Captioned web image data
● ● ● ●
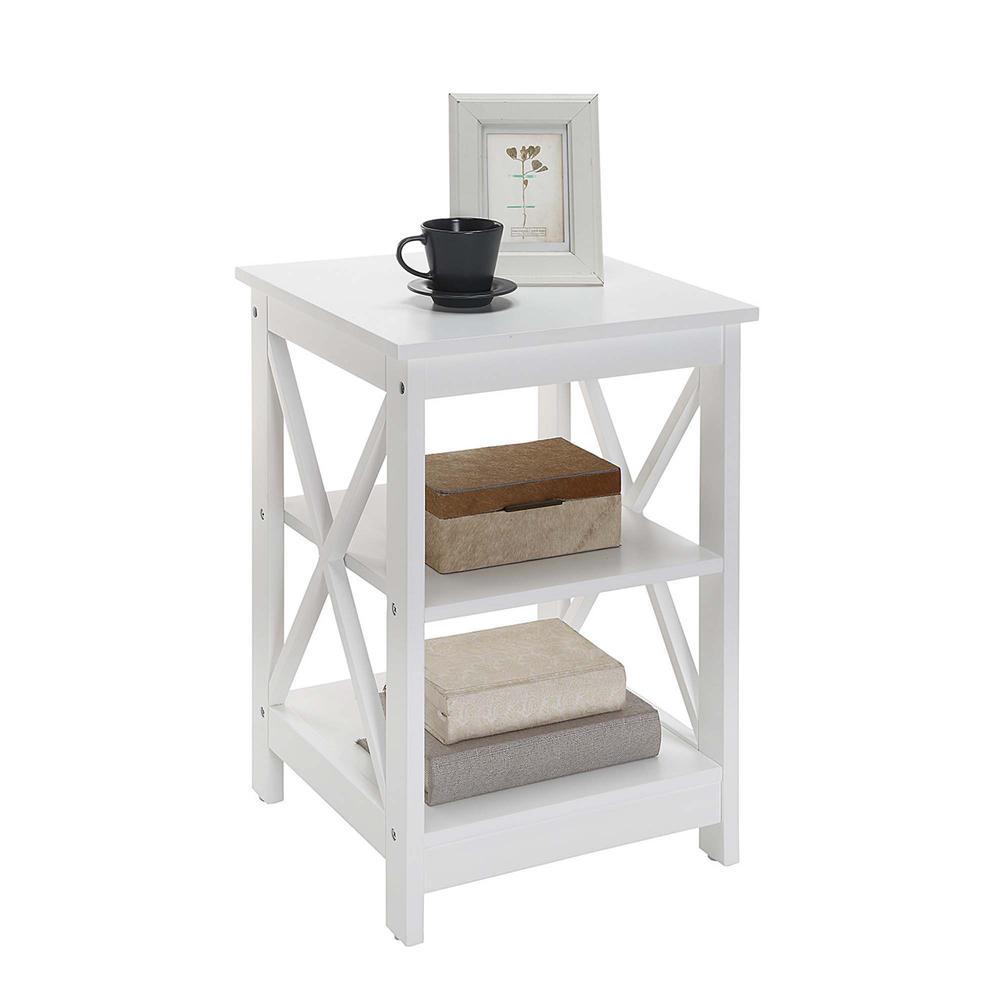 Oxford End Table with Shelves White. Picture 2
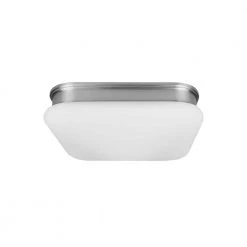 Staniford 11 in. 100-Watt Equivalent Brushed Nickel Selectable Integrated LED Square Flush Mount with Glass Shade by Hampton Bay -Hampton Bay Sales brushed nickel hampton bay flush mount lights cg2aa015ds1d25 66 1000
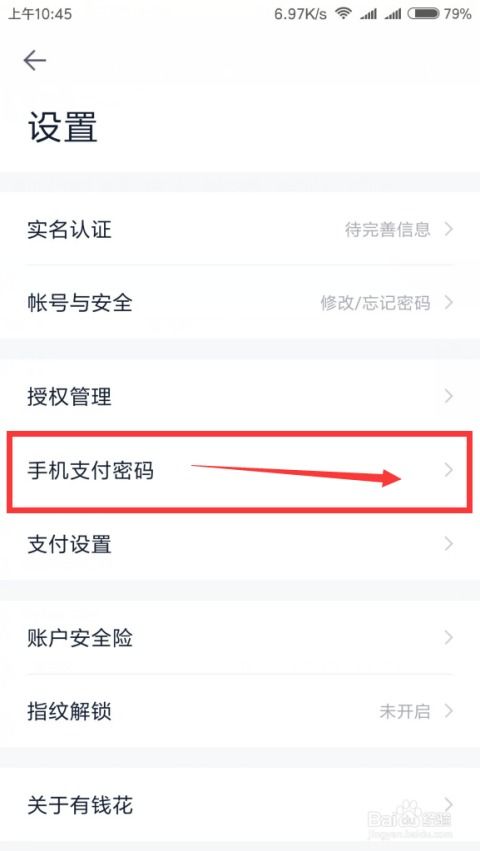 如何设置有钱花支付密码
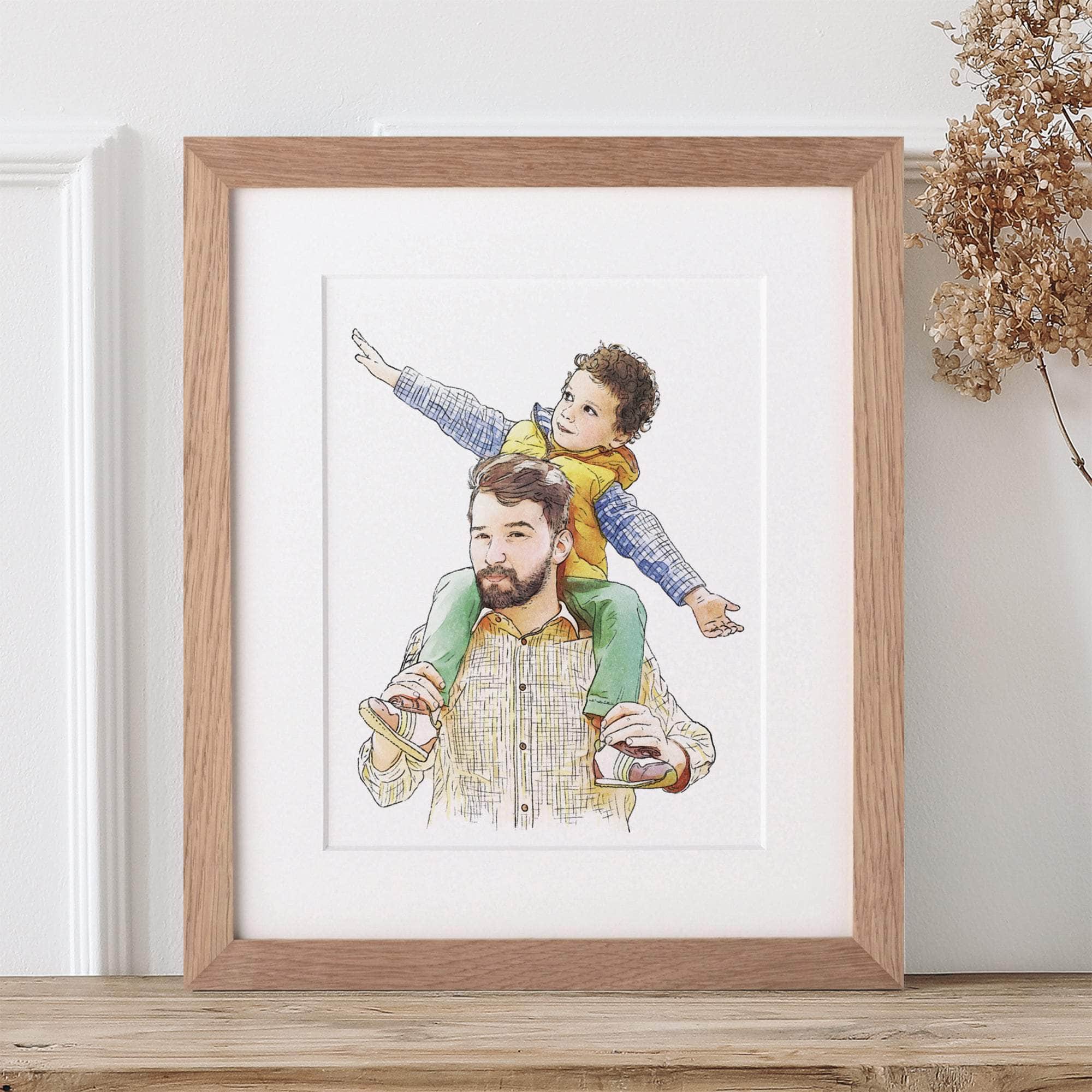 Daddy and Me Illustration - Custom Portrait Art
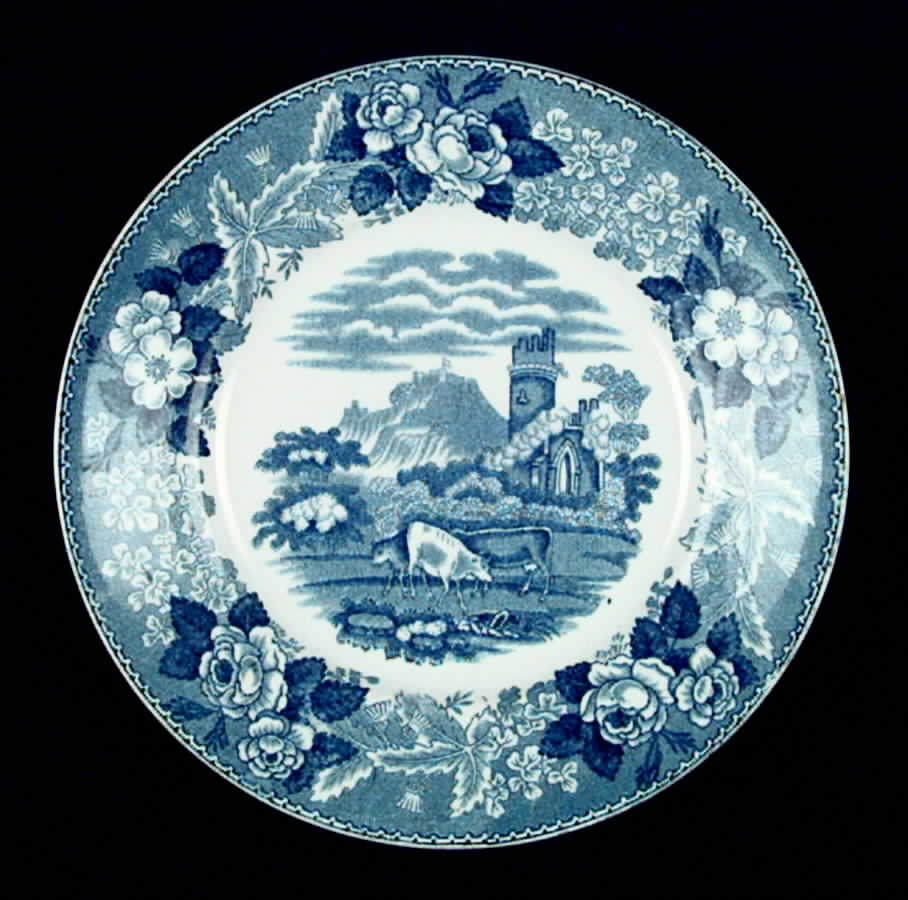 Cattle Scenery Blue (No Trim, Smooth) Bread & Butter Plate by Adams China-1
● ● ● ●
Set down exactly and only the lines from the line that contains "Daddy and Me" through the last line of the entries above, with both of those lines included and the pictures left out.

 Daddy and Me Illustration - Custom Portrait Art
 Cattle Scenery Blue (No Trim, Smooth) Bread & Butter Plate by Adams China-1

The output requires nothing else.